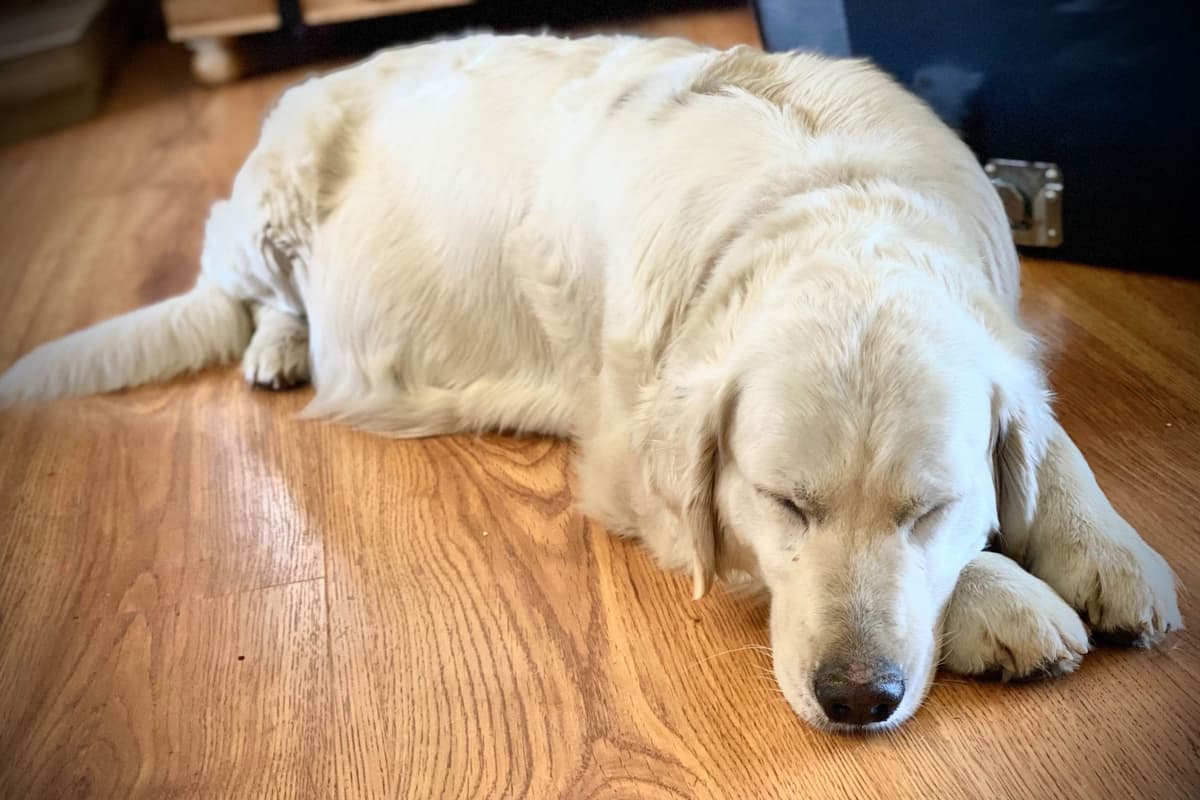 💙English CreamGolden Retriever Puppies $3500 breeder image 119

== == ==

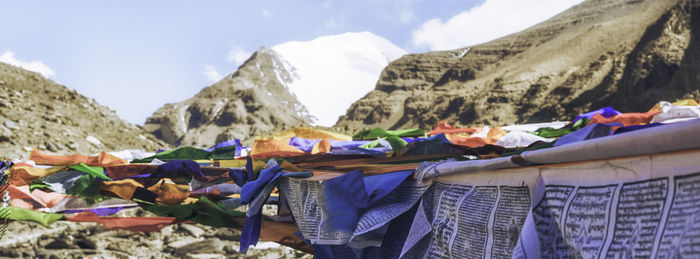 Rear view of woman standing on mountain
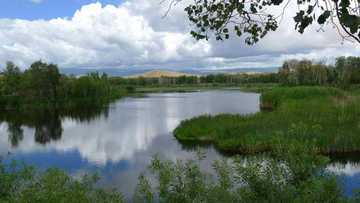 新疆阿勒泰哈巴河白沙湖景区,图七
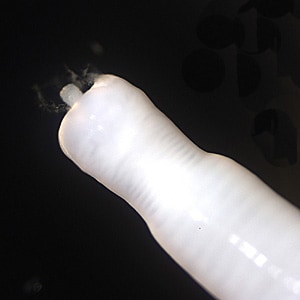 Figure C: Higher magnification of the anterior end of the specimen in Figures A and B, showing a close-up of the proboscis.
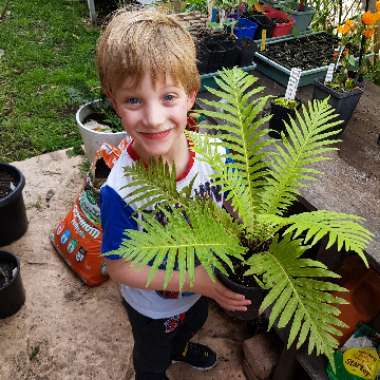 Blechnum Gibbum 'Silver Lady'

== == ==

• [Work instructions]: Repeat only the stretch of data above that runs from the line with "Rear view of woman standing on mountain" to the line with "Blechnum Gibbum 'Silver Lady'". Keep both end lines; exclude pictures.

• [Your response]:
 Rear view of woman standing on mountain
 新疆阿勒泰哈巴河白沙湖景区,图七
 Figure C: Higher magnification of the anterior end of the specimen in Figures A and B, showing a close-up of the proboscis.
 Blechnum Gibbum 'Silver Lady'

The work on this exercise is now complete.